Wednesday, April 15, 2009

I am trying to use GROMACS (gmx) to do some molecular dynamics simulations on carbon nanotubes. Since this is not what gmx is built for, I need to do a bunch of things to get it to simulate them. This is also, pretty much, my first time using gmx. Please note that there are a few missing pieces with the following, in that it WON'T allow you to simulate carbon nanotubes but instead create a pretty tube that dissociates/was never together in the first place/blows up. I will write a full, accurate, tutorial once all the kinks have been worked out. I am posting this here in the hope of finding some help working out those kinks, or maybe giving a couple of chuckles to those that have this down cold <-I don't think there are many though.


1. got a pdb file of a small carbon nanotube and made each atom a residue with a unique name, for example:
ATOM 4 C NT1 1 2.624 3.131 -6.155 1.00 0.00
ATOM 5 C NT2 1 2.043 3.538 -7.386 1.00 0.00
ATOM 6 C NT3 1 0.707 4.023 -7.386 1.00 0.00

Here is the pdb file of the test specimen. This is something I will automate if it turns out there's no better way. I'll post the script too.

2. added carbon to encadv's atom type file, ffencadv.ATP

C 12.011 ; cnt carbon

3. added the following to encadv's include topology file, ffencadvbon.ITP I got this information from Christopher Stiles' site. It is rare to find such good instructions for something like this. However these are for a previous version of gmx, and you quickly run into problems when trying to follow it for 4.0. This is what set me on my own course to trying to solve this problem; without Christopher's site though, I would not have even known where to begin with tubes.

[ bondtypes ]
; i j func b0 kb
C C 1 0.14210 478900

[ angletypes ]
; i j k func th0 cth
C C C 1 120.000 397.480

[dihedraltypes ]
; Encad proper dihedrals.
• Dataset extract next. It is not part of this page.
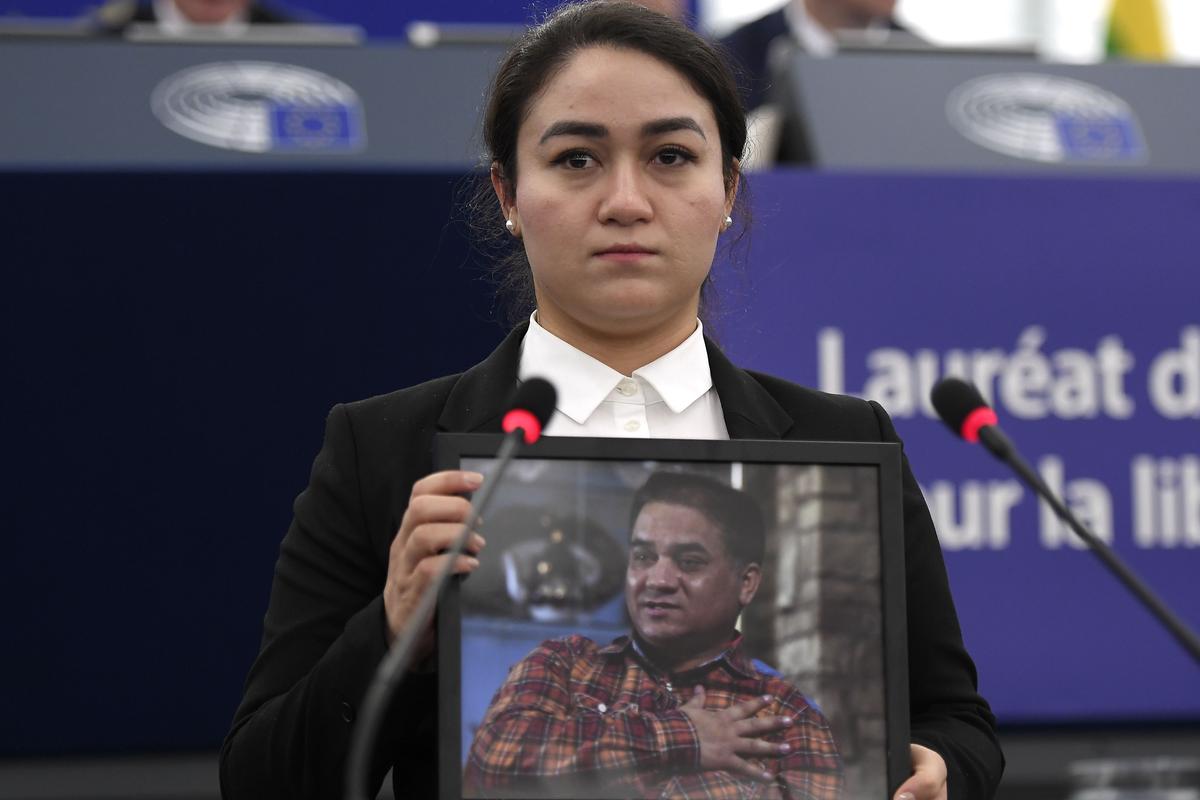Ms. Ilham, daughter of Mr. Ilham Tohti, holds a portrait of her father during the award ceremony for his 2019 European Parliament's Sakharov human rights prize at the European Parliament in Strasbourg, eastern France, on Dec. 18, 2019. (Frederick Florin/AFP via Getty Images)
Note that there is a difference pf
; sign in the cosine definition between Gromacs and Encad. All angle values
; here are thus offset 180 degrees.
; i l func q0 cq
C C C C 1 0.000 167.360 1

4. I added carbon to ffencadvnb.ITP. Right now I don't have a reason why I added it, and if these are non-bonded parameters, then I'm thinking it shouldn't be there?

name at.num mass charge ptype sigma epsilon
C 6 12.011 0.0 A 3.84423e-01 3.08863e-01

5. Created ffencadv.N2T using information from Christopher Stiles' site

6. Updated encadv's residue topology database by adding a residue for each atom in the tube. This will be a problem for large tubes, but I can automate the process too unless better ways are to be found. Here is an example for the first residue:

[ NT1 ]
C C 0 0

C C 0 0

[ bonds ]
C C 0.14210 478900

C C C 120.000 397.480

Here is the file ffencadv.RTP

Ok I think that is all the changes to gmx files I made.


1. fired up gmx in cygwin and from the prompt:

pdb2gmx -f swnt.pdb -o swnt.gro -p

The console print can be seen here. Notice all the warnings about the short bonds? I originally thought these were from shifting the columns in the pdb file when I renamed the residues, but I realigned them with a PDB spec and still get the warnings. I think whatever is causing this could be a major problem.

swnt.gro posre.itp

It looks like whatever is wrong is most likely in the above. I'm going to leave it there for now until I know all that's correct.